Dataset records section start

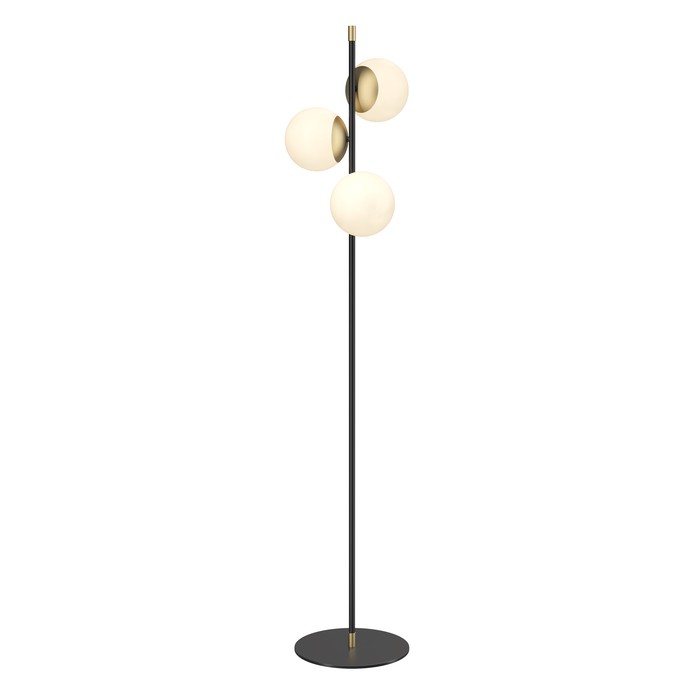MOD048FL-03G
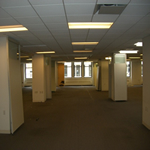 23rd-street-office-for-lease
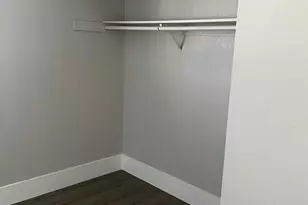 5575 Stanley Dr, Auburn, CA 95602 - Photo 36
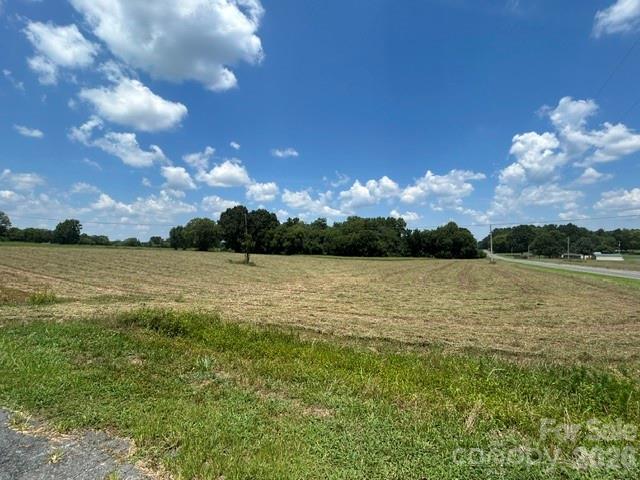 0 Millingport Road Locust, NC 28097 - Photo 2 of 3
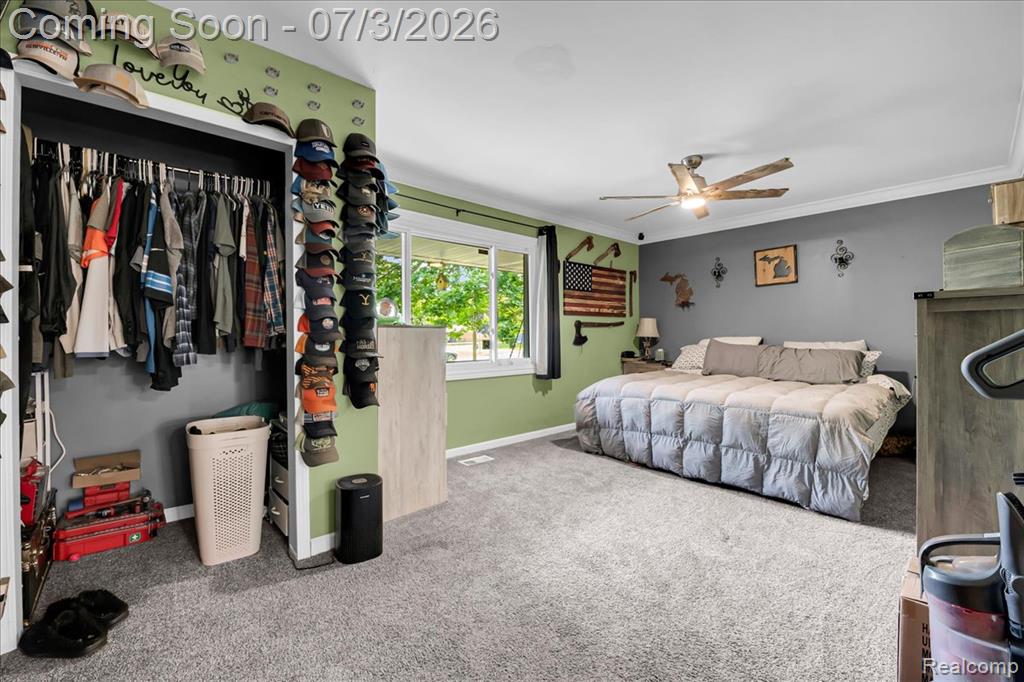 6514 Luanne Drive, Flushing, MI 48433 — Photo 10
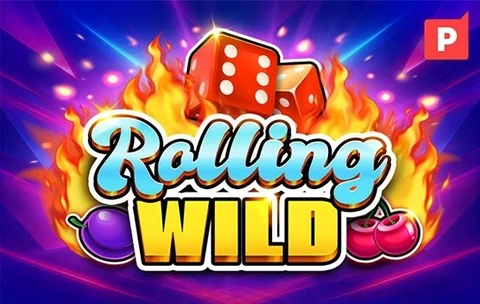 Rolling Wild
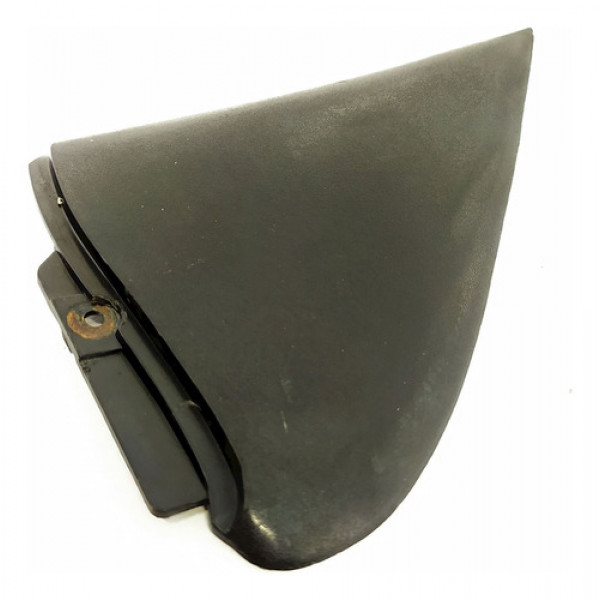 Acabamento Interno Retrovisor Direito Vw Gol 2003    31369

Dataset records section end

The problem: In the listing above, retype exactly, and only, the lines from the one containing "0 Millingport Road" through the last line, both included. Omit the pictures.

Output for this task:
 0 Millingport Road Locust, NC 28097 - Photo 2 of 3
 6514 Luanne Drive, Flushing, MI 48433 — Photo 10
 Rolling Wild
 Acabamento Interno Retrovisor Direito Vw Gol 2003    31369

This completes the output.